The talks were happening against a backdrop of record Arctic ice melt, recent flooding in the Philippines, Asam and other areas, recent drought in the US, and an ongoing food crisis in the Sahel.

Last December at the Durban COP talks, the world's nations agreed that they would sign a legally-binding pact to cut emissions and help developing nations adapt to climate change, from 2020. Part of this agreement included a promise to deepen existing promises to cut emissions by the end of the decade.

However, after one week of talks in Thailand, not a single country has made a fresh commitment, and US negotiators stunned delegates by calling for any new treaty to be ‘flexible’ and ‘dynamic’ rather than legally binding, representing a complete U-turn on its previous position.

In response, 130 developing countries sought to put pressure on developed countries by threatening to deny them access to Clean Development Mechanism (CDM) credits, which developed countries use to offset their emissions by financing projects in the poor ones.

But this tactic could backfire, as Takehiro Kano, a senior climate negotiator with Japan, said that if they went ahead, Japan's response might just be to lower its voluntary target of cutting emissions 25% below 1990 levels by 2020, and Justin Lee, Australia's climate change ambassador, retorted that the Australian government would anyway "take international action that best supports Australia's domestic initiatives".

The United States and other developed countries blamed the global economic crisis for the lack of funds that they are able to make available to combat climate change. In a reaction to this, developing countries earlier tried to play down requests for finance and technology commitments, in favour of greater efforts by developed countries to reduce their greenhouse gas emissions.

But this created yet another deadlock, as Japan, Canada and Russia, which refused to sign up to an extension to the Kyoto Protocol as last December's climate summit, dug their heels in and refused to rejoin the process. The European Union argues that it cannot afford to up its reduction targets, and the United States is in an election year, which paralyses its ability to act.

This has led one observer, Sanjay Vashist, director of Climate Action Network South Asia, to comment that, "the existing deadlock on taking up ambitious climate action will only delay the necessary adaptation finance to vulnerable countries."
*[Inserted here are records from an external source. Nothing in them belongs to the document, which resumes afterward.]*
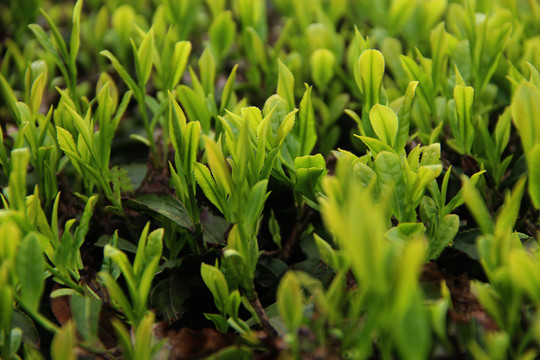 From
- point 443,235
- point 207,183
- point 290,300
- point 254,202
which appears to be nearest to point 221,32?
point 207,183

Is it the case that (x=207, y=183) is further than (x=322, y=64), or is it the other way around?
(x=322, y=64)

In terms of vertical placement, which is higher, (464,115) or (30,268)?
(464,115)

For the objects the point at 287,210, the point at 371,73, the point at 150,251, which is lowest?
the point at 287,210

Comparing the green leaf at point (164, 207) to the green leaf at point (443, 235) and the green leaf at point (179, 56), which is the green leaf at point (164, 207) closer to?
the green leaf at point (179, 56)

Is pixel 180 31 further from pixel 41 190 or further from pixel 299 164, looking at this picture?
pixel 299 164

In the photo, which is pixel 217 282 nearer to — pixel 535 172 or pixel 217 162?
pixel 217 162

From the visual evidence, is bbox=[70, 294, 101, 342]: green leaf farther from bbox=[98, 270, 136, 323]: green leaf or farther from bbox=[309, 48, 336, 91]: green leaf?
bbox=[309, 48, 336, 91]: green leaf

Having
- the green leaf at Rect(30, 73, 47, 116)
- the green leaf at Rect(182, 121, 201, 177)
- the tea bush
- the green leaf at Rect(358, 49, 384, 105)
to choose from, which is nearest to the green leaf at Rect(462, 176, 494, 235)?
the tea bush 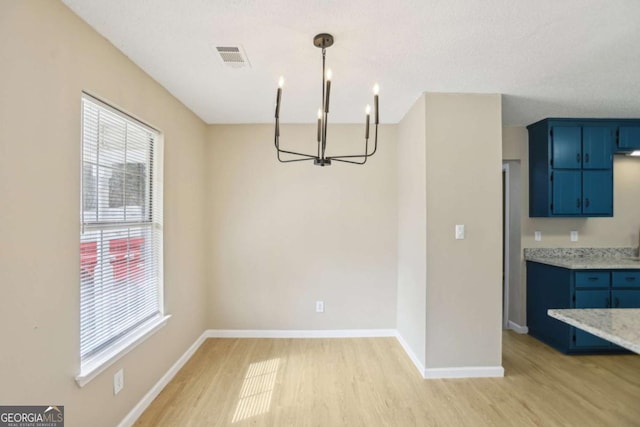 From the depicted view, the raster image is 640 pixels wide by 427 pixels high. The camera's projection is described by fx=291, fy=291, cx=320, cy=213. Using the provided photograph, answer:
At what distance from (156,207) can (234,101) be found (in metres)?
1.24

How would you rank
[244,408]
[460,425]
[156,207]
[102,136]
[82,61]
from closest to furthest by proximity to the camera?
1. [82,61]
2. [102,136]
3. [460,425]
4. [244,408]
5. [156,207]

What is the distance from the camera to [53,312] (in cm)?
146

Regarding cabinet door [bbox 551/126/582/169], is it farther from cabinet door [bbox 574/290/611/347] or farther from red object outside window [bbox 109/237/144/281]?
red object outside window [bbox 109/237/144/281]

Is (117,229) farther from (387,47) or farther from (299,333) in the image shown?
(299,333)

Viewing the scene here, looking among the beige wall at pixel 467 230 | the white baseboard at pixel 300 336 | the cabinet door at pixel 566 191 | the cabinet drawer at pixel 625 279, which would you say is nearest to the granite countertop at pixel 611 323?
the beige wall at pixel 467 230

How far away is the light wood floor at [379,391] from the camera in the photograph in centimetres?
212

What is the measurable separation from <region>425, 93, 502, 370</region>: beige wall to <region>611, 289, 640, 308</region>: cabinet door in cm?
153

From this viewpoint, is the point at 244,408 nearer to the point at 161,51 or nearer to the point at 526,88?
the point at 161,51

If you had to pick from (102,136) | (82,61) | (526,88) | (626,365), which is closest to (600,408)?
(626,365)

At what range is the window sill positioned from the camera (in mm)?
1629

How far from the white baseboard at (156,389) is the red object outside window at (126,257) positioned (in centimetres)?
92

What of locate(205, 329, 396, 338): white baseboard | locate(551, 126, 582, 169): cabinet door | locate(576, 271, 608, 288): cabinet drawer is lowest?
locate(205, 329, 396, 338): white baseboard

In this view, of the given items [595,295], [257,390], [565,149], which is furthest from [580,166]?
[257,390]

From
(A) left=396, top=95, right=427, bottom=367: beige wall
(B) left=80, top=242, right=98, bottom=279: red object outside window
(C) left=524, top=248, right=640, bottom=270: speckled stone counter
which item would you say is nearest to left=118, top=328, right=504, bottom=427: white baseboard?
(A) left=396, top=95, right=427, bottom=367: beige wall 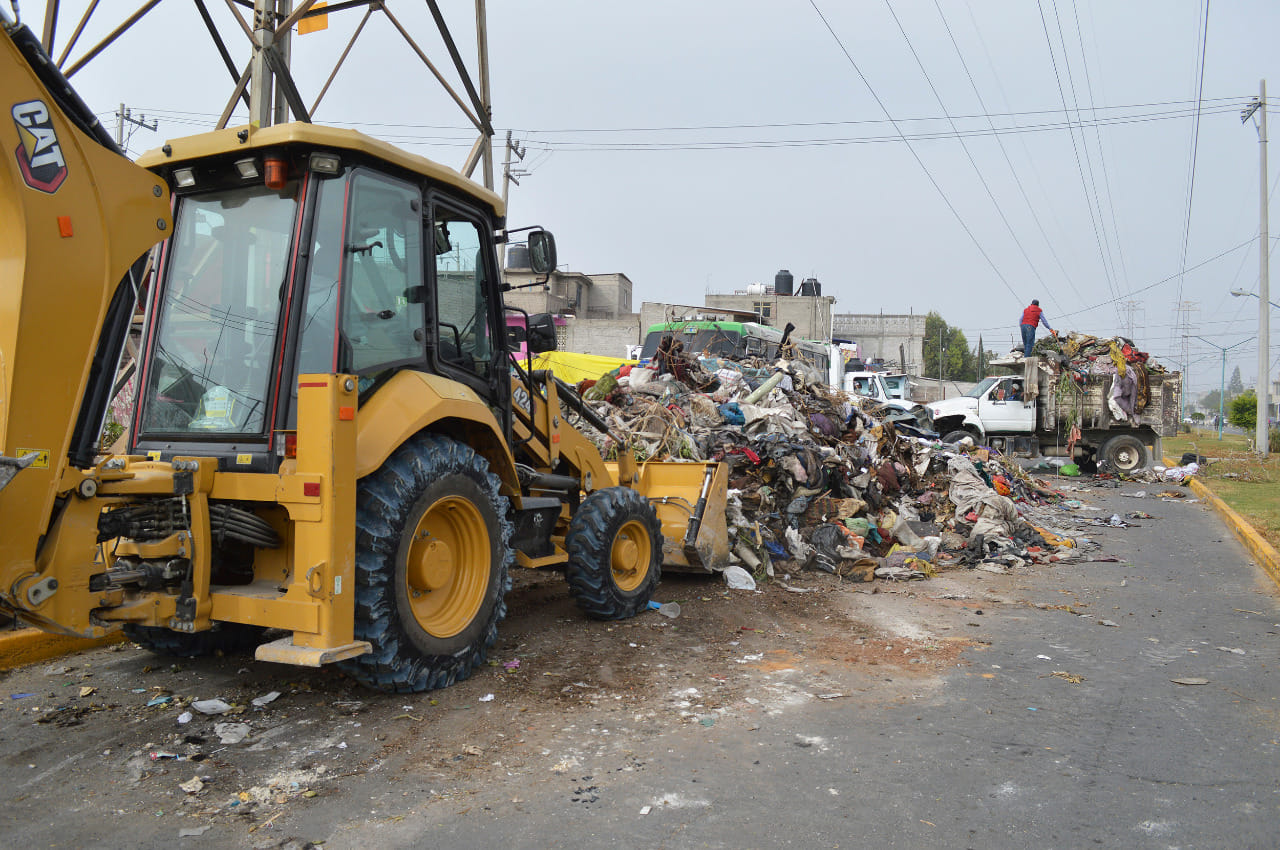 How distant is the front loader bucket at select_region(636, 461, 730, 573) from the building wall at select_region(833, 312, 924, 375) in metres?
54.4

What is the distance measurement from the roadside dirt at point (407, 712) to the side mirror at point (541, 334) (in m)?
Answer: 1.86

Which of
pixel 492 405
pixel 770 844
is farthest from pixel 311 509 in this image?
pixel 770 844

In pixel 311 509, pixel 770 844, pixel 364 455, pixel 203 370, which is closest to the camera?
pixel 770 844

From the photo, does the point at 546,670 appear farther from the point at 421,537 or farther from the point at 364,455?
the point at 364,455

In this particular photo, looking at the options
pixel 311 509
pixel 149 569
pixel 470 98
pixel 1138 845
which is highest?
A: pixel 470 98

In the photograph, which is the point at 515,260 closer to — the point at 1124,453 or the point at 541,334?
the point at 1124,453

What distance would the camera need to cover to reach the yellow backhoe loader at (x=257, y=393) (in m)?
3.20

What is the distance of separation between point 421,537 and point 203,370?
131 centimetres

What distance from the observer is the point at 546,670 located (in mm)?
4867

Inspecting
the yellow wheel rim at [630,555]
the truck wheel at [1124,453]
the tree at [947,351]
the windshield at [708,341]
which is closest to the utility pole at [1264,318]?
the truck wheel at [1124,453]

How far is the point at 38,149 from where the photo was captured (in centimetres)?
312

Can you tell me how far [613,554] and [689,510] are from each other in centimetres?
140

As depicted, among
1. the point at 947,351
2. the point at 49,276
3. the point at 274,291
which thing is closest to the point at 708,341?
the point at 274,291

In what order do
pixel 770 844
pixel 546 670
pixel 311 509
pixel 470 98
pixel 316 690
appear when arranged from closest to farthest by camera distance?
1. pixel 770 844
2. pixel 311 509
3. pixel 316 690
4. pixel 546 670
5. pixel 470 98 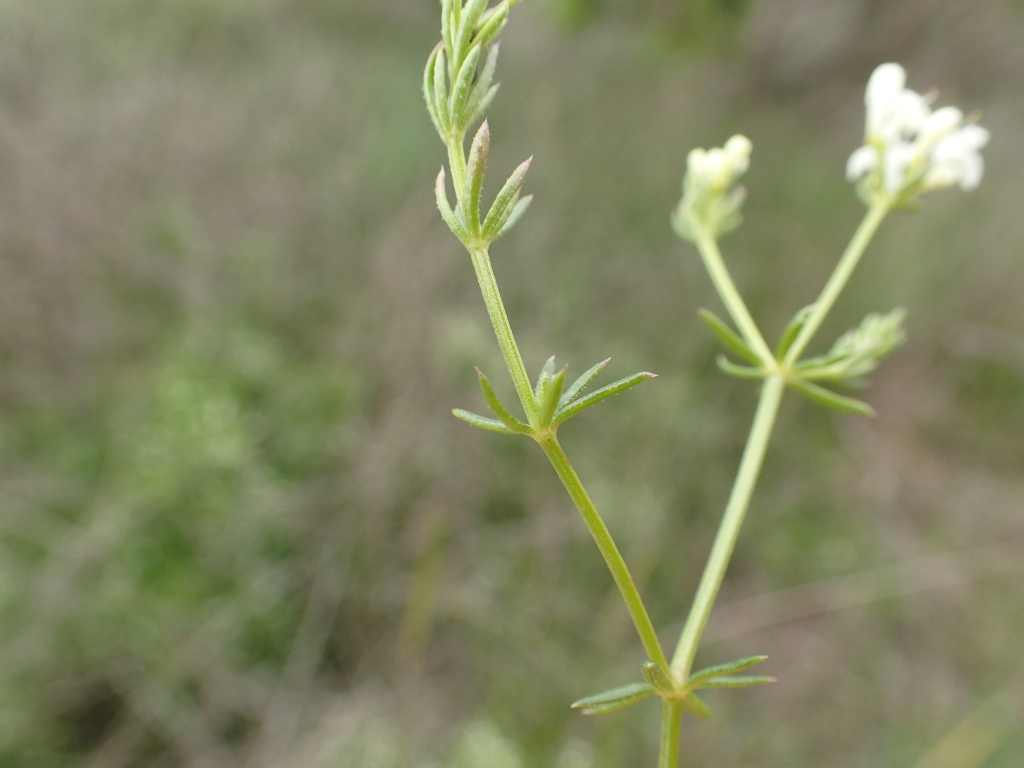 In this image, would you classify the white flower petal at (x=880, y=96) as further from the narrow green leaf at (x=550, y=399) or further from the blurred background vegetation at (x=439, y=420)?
the blurred background vegetation at (x=439, y=420)

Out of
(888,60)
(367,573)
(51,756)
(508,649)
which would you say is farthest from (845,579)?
(888,60)

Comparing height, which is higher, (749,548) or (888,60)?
(888,60)

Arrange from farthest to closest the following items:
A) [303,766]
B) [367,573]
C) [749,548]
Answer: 1. [749,548]
2. [367,573]
3. [303,766]

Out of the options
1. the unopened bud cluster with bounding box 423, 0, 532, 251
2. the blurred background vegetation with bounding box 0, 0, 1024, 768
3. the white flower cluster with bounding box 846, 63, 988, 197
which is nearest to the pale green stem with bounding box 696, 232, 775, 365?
the white flower cluster with bounding box 846, 63, 988, 197

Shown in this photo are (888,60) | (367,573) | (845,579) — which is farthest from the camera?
(888,60)

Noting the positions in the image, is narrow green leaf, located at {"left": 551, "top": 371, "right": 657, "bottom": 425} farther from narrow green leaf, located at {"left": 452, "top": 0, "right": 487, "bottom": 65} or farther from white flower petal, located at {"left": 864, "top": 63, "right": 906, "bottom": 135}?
white flower petal, located at {"left": 864, "top": 63, "right": 906, "bottom": 135}

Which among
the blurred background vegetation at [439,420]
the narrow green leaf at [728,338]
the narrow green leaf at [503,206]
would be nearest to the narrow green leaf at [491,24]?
the narrow green leaf at [503,206]

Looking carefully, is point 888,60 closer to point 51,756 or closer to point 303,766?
point 303,766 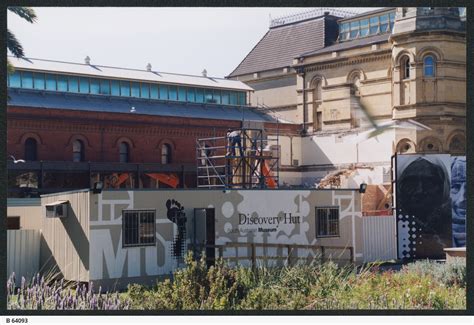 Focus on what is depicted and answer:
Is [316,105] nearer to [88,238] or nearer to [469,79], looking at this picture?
[88,238]

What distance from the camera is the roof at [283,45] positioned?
64500 mm

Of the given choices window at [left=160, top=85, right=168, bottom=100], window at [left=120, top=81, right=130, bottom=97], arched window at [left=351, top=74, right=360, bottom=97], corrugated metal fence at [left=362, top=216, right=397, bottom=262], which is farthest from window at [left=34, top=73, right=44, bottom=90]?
corrugated metal fence at [left=362, top=216, right=397, bottom=262]

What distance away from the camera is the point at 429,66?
50.5 m

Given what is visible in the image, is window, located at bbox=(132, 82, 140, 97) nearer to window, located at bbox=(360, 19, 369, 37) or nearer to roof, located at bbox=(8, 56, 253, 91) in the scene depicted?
roof, located at bbox=(8, 56, 253, 91)

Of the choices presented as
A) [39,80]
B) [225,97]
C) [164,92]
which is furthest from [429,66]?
[39,80]

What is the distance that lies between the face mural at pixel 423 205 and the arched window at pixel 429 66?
62.0 feet

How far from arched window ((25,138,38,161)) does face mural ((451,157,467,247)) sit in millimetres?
22823

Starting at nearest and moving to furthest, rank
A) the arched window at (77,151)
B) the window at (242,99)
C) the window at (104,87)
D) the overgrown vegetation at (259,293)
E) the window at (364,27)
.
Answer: the overgrown vegetation at (259,293)
the arched window at (77,151)
the window at (104,87)
the window at (242,99)
the window at (364,27)

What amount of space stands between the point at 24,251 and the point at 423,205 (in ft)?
49.9

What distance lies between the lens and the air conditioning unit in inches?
958

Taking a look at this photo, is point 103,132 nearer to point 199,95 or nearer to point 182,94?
point 182,94

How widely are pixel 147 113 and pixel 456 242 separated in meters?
24.2

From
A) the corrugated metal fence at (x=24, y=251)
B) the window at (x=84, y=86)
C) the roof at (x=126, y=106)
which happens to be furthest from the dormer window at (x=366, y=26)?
the corrugated metal fence at (x=24, y=251)

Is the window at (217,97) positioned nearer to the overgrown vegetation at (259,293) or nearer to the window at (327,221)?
the window at (327,221) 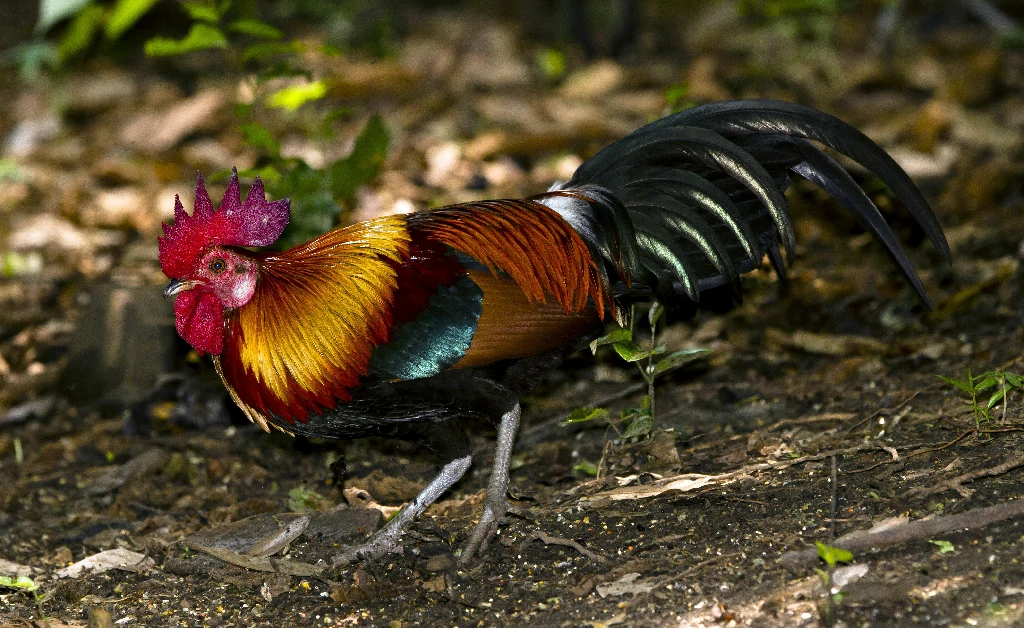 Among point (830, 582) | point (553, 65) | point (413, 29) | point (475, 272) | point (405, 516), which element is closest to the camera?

Christiana Figueres, executive secretary of the UN’s climate secretariat, Was putting a brave face on it. “Government negotiators have pushed forward key issues further than many had expected and raised the prospects for a next successful step in Doha," she said.

This leaves many political decisions that will have to be taken at this next meeting in Qatar.

With the present level of commitments to reduce emissions, the world is still on for at least a 3°C temperature rise, which would have catastrophic repercussions.

Rich nations failing to cut emissions


At the summit, the U.N. released a report showing that several rich nations will not even meet their existing pledges to cut greenhouse gas emissions by the end of the decade, made at Copenhagen in 2009.

These nations include Australia, Canada, Japan, Mexico, South Africa, South Korea and the US.

The report, from the UN Environment Program, adds that even if all nations do meet their existing pledges, emissions of greenhouse gases will still reach between 50 and 55 billion tonnes of carbon dioxide equivalent, that is 11 billion tonnes, or 20%, more than what is needed to try to keep temperature increases below 2°C.

“It's still possible to meet a 2°C pathway, if there is sufficient political will," commented Niklas Hoehne, and author of the report on Tuesday. "We’re not facing a participation gap here – it’s an ambition gap.”

Meanwhile, developed countries want the industrialised developing countries such as India, China and Brazil, to take more responsibility for cutting their emissions.

They say that if this was resolved, it would allow the issues of technology, finance, intellectual property lies and emissions from aviation and shipping, which are stymied, to be set aside while the responsibilities of the emerging economies are increased in the short and long-term and the rich countries take stronger action after 2020.

But this is unlikely to happen without further commitments from developed countries. Depressingly, it seems the stalemate continues.